- [Source information]:
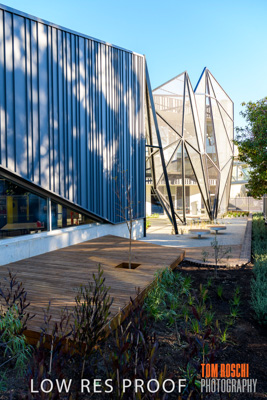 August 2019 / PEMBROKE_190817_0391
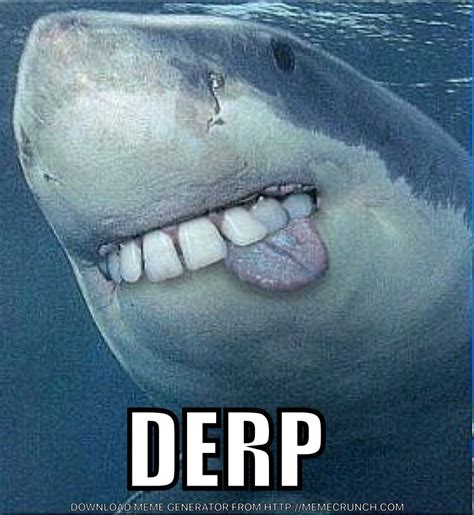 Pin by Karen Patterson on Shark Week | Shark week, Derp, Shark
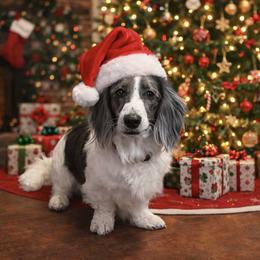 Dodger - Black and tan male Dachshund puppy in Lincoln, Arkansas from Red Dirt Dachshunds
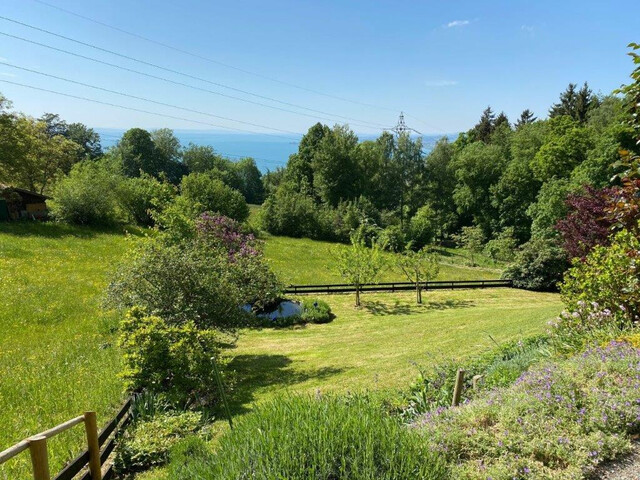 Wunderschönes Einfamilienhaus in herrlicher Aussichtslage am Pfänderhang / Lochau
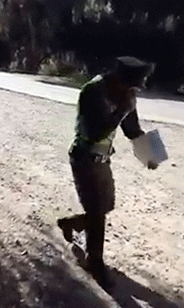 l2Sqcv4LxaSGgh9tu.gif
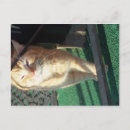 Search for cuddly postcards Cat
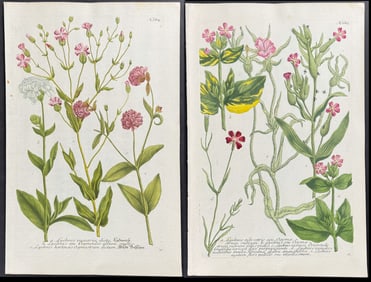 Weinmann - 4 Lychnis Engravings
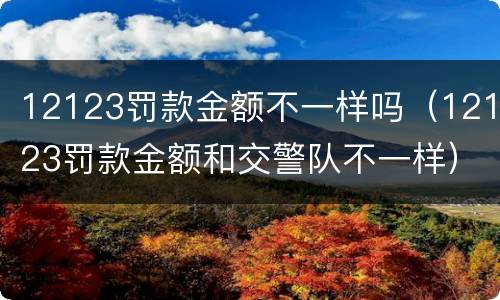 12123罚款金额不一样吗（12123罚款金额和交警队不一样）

- [Exercise description]:
Pictures excluded, write out exactly and only the lines of the material from the one containing "Weinmann - 4 Lychnis Engravings" up to and including the last line.

- [Response area]:
 Weinmann - 4 Lychnis Engravings
 12123罚款金额不一样吗（12123罚款金额和交警队不一样）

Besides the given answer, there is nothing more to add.